- _Required work_:
The answer is to be an exact copy of the lines below running from the line with "Photo of property" down to the line with "Casa · 75m²", both ends included, and nothing more.

- _Raw data_:
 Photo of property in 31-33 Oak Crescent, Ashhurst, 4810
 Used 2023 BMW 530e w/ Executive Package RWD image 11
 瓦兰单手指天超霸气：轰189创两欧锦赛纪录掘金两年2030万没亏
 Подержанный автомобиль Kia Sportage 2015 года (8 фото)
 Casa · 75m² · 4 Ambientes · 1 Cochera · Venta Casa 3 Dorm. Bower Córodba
==
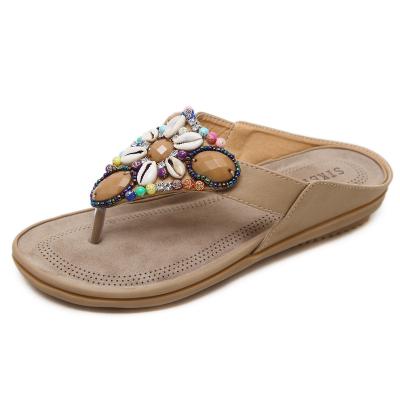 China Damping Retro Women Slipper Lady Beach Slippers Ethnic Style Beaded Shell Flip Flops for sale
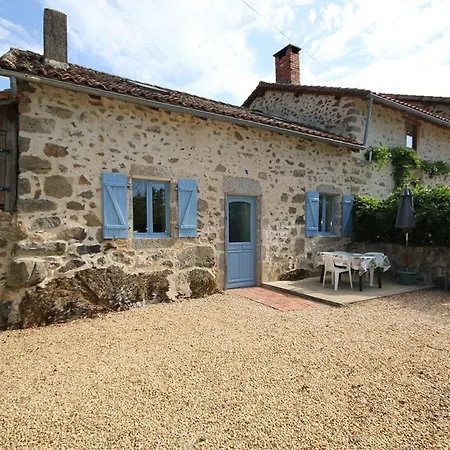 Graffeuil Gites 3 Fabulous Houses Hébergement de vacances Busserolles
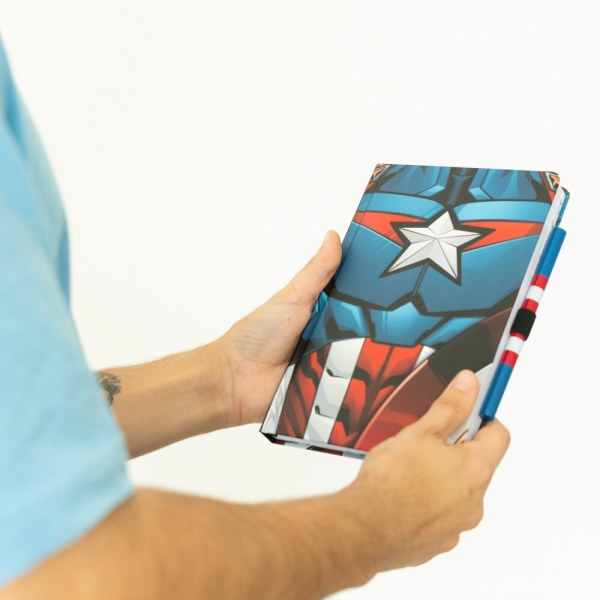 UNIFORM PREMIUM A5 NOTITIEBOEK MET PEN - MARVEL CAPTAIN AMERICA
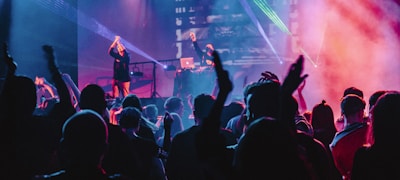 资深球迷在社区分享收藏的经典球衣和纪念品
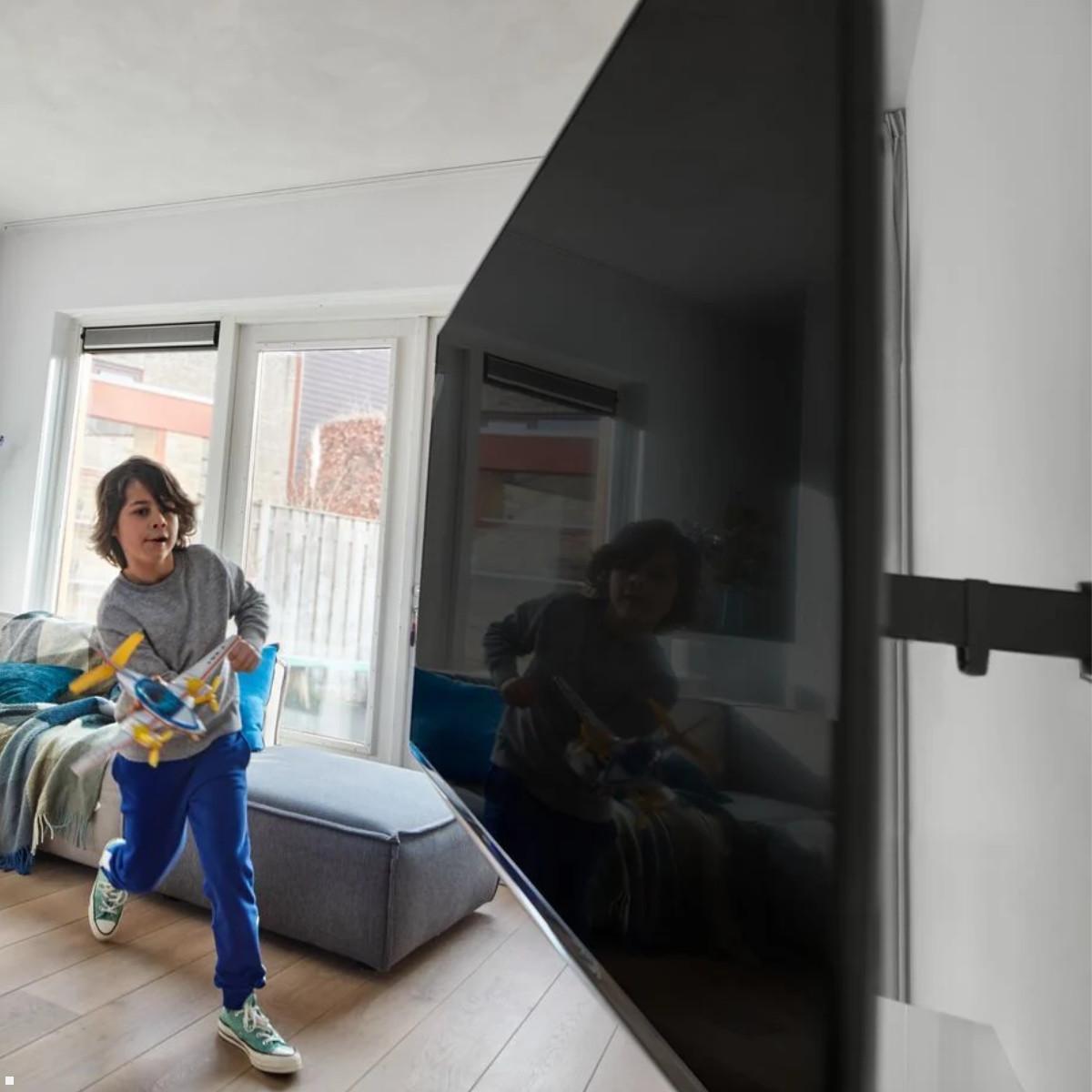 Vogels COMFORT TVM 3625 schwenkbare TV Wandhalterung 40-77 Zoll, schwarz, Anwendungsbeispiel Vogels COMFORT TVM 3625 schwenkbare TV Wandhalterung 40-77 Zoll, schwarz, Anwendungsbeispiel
...
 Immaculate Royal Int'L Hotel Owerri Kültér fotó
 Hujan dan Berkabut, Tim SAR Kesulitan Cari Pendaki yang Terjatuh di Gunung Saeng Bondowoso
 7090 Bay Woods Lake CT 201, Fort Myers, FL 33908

- _Solved exercise_:
 Photo of property in 31-33 Oak Crescent, Ashhurst, 4810
 Used 2023 BMW 530e w/ Executive Package RWD image 11
 瓦兰单手指天超霸气：轰189创两欧锦赛纪录掘金两年2030万没亏
 Подержанный автомобиль Kia Sportage 2015 года (8 фото)
 Casa · 75m² · 4 Ambientes · 1 Cochera · Venta Casa 3 Dorm. Bower Córodba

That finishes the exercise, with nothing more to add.